# Short and Fat



## toolmantf99

Hey guys and gals! Finished this one up last night. Haven't had a chance to band it up yet, but I'm sure it will shoot great! The core is a Fat Tiny design by Metrograde that he kindly sent with my last order. The core was modified to slim the waist to where I could get my middle finger around it to feel secure since there is no longer a lanyard hole. I showed if off to my wife this morning and she said it reminded her of me, not sure what she meant by that


----------



## slingshotnew

Wow!!! Very nice!!!

Inviato dal mio HUAWEI Y600-U20 utilizzando Tapatalk


----------



## devils son in law

You must got the blues, my friend!!! Awesome job!!!


----------



## MakeSlingshots

I would die to shot that, it looks sooooooooooo good.  lol

Great job :bowdown: :bowdown: :bowdown:


----------



## alfshooter

:wub: :wub: :wub:


----------



## Flatband

Man you is just a machine of late Yo!!! Tool man production line running clean and smooth!!!!!


----------



## Albinogek

Wow! Great job! You knocked that one out of the park!

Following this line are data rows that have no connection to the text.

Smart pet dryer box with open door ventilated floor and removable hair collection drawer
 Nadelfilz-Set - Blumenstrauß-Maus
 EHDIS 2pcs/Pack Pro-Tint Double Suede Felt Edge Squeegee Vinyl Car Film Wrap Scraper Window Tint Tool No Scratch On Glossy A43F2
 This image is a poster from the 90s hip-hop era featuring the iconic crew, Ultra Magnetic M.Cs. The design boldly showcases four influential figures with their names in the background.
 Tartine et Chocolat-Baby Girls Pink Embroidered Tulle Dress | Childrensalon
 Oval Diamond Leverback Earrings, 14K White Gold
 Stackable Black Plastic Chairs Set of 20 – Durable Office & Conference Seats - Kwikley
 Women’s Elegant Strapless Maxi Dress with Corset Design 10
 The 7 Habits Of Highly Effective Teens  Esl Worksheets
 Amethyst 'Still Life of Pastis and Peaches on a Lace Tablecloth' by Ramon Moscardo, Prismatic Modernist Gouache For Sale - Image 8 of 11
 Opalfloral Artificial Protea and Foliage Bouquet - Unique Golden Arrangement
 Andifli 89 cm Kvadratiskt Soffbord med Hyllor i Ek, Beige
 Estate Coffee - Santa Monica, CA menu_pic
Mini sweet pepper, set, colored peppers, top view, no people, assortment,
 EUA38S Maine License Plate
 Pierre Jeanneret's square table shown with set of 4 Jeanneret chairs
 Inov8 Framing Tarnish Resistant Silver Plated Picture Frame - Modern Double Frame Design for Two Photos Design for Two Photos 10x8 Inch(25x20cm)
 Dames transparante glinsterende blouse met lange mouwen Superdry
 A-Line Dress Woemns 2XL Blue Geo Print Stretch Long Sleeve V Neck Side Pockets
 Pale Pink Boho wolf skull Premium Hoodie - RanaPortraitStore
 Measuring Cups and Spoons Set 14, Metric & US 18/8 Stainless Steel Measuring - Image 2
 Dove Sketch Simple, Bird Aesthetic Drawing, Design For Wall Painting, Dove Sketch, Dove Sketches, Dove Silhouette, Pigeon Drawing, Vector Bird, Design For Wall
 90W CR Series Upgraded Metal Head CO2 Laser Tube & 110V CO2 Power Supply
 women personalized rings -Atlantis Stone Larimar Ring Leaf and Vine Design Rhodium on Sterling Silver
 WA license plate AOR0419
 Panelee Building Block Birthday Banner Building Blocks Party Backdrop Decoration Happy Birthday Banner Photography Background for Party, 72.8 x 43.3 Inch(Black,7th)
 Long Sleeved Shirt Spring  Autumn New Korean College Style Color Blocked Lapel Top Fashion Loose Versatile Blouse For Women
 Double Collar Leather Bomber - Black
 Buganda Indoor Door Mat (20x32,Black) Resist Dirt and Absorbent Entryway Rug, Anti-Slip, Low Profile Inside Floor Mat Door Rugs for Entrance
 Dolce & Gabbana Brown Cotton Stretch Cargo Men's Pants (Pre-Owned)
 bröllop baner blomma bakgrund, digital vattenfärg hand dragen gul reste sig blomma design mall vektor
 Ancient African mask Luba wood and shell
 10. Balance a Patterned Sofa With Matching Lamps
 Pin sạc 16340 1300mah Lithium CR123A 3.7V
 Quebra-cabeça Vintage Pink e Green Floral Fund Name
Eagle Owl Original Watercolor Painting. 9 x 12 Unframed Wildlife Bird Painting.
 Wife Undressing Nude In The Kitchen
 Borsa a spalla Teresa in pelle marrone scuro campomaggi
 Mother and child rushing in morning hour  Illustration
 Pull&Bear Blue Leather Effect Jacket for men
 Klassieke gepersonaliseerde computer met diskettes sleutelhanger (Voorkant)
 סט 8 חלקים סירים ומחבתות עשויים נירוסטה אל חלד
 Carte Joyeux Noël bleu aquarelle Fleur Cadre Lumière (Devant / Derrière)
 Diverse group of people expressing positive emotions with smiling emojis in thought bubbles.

Sent from my iPhone using Tapatalk


----------



## flipgun

Wipe drool and Click "Save Image As". :headbang:


----------



## d3moncow

Beautiful! It looks great, and very comfortable. I love the color, too.


----------



## you'llshootyereyeout

Jesus man, you are killing it!!! This has been one hell of a run! All work and no play makes Timmy put out some sweet shooters!


----------



## toolmantf99

Thanks for all the kind comments guys. I have been putting in some shop time lately and have a few more that will be done in the next week or two.


----------



## Dayhiker

That looks awesome. I can tell it will be a great little shooter. Great job, Tim. :bowdown:


----------



## Chuck Daehler

That is a charm! Nice little shooter with a fat palm swell to fill the hand....nice Christmas present to yourself. Well, it's Hanukkah but what the heck. A faded bluejean blue, will match that back pocket when you go out for a plinking stroll soon.


----------



## TSM

Beautiful! I really dig that color. Short-n-fat is where it's at!


----------



## Can-Opener

Nicely done Tim  Looks very professional


----------



## Byudzai

this is gorgeous man. so handsome and clean. i love it!


----------



## derandy

Wow...i like it a lot...


----------



## Can-Opener

I showed if off to my wife this morning and she said it reminded her of me, not sure what she meant by that 

I keep rereading this statement and I am pretty sure it some sort of reference to length versa diameter or the Golden Mean


----------



## Vly62

Been keeping an eye on your work - you sir are very talented!!! Hope to have the chance to add on of your creations to my collection someday.


----------



## StretchandEat

I like it alot.. looks comfy..


----------



## Firefly

I keep coming back to look at this one. Ok, I lied--I keep the page up and I just look at it several times a day. Just awesome!


----------